DESCRIPTION OF THE TASK — Without including any image, retype the records word for word.

Stored items from a collection
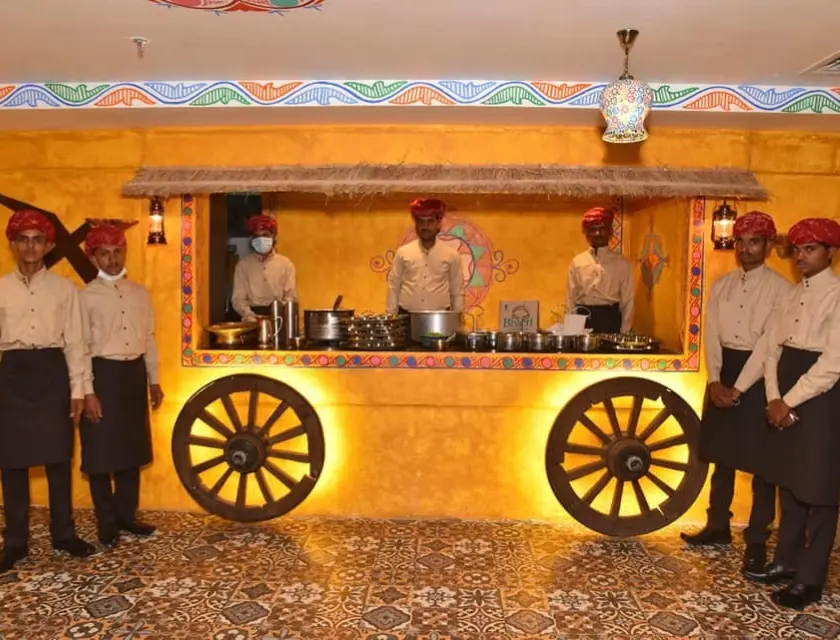 serving staff wearing semi-Rajasthani outfits standing at a serving counter of a restaurant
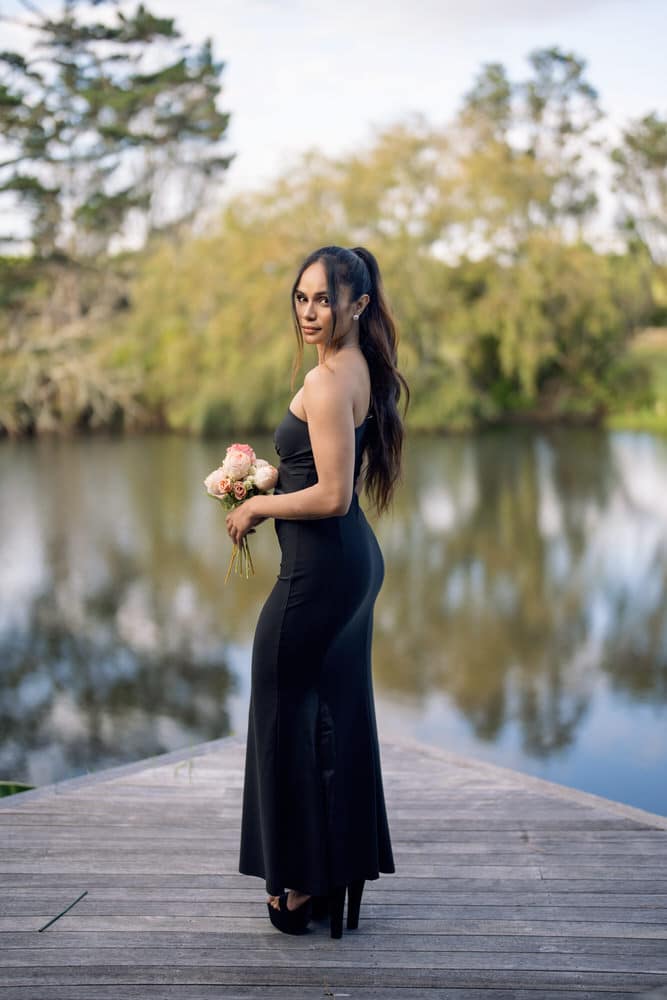 Black one shoulder bridesmaids dress, fitted maxi with leg slit, side view on model – Art Kollocsion Auckland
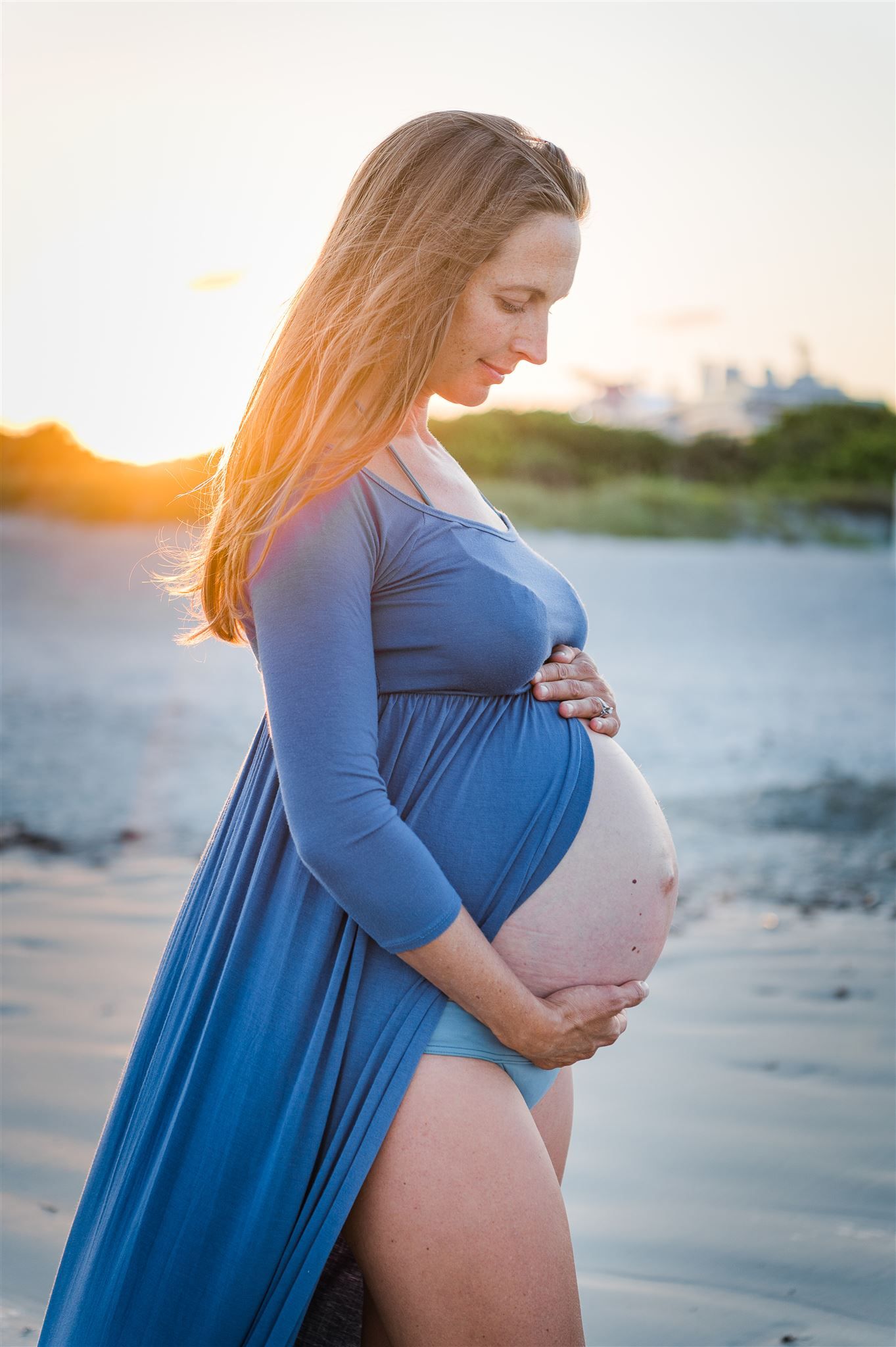 Pregnant woman in blue dress poses contemplatively on beach at sunset.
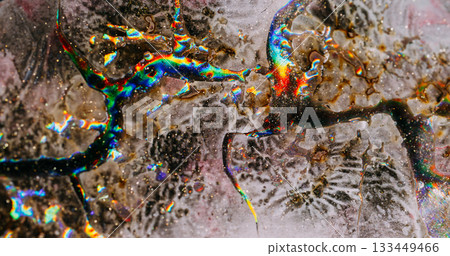 Sparkling liquid. Cracked texture. Defocused gray green blue colorful chemical particles floating on abstract creative background. Sparkling liquid. Cracked texture. Defocused gray green blue colorful chemical particles floating on abstract creative background. 133449466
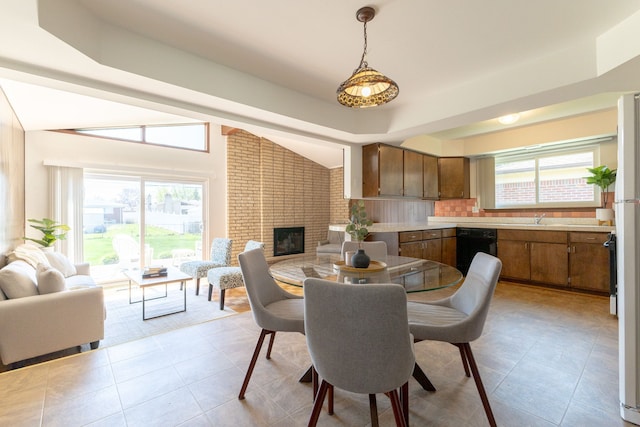 dining area featuring plenty of natural light, a brick fireplace, and light tile patterned flooring
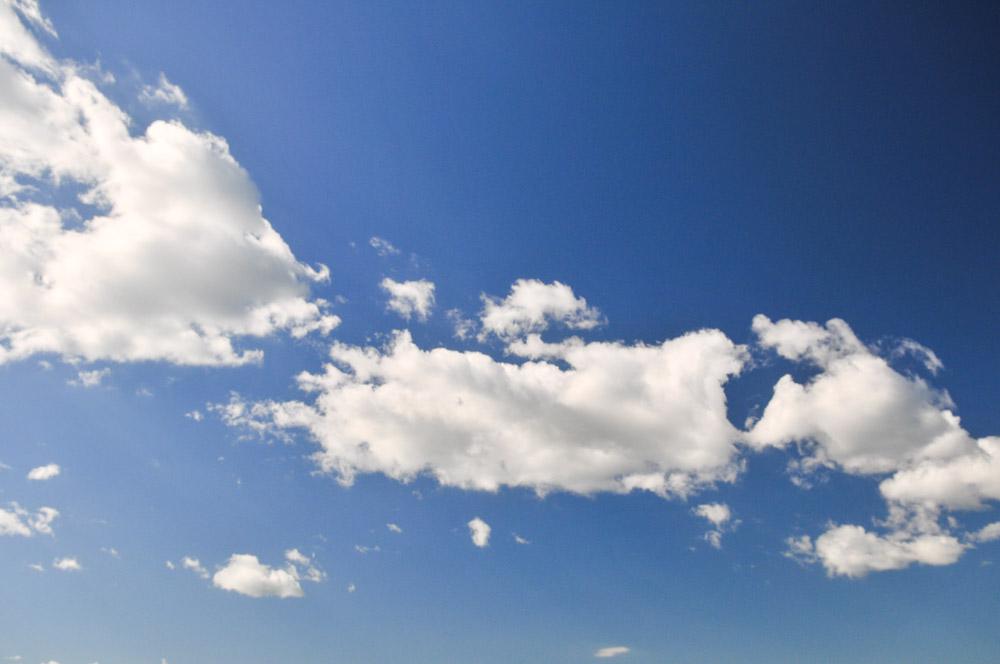 White Fluffy Clouds In A Blue Sky White Fluffy Clouds In A Blue Sky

TASK RESULT —
 serving staff wearing semi-Rajasthani outfits standing at a serving counter of a restaurant
 Black one shoulder bridesmaids dress, fitted maxi with leg slit, side view on model – Art Kollocsion Auckland
 Pregnant woman in blue dress poses contemplatively on beach at sunset.
 Sparkling liquid. Cracked texture. Defocused gray green blue colorful chemical particles floating on abstract creative background. Sparkling liquid. Cracked texture. Defocused gray green blue colorful chemical particles floating on abstract creative background. 133449466
 dining area featuring plenty of natural light, a brick fireplace, and light tile patterned flooring
 White Fluffy Clouds In A Blue Sky White Fluffy Clouds In A Blue Sky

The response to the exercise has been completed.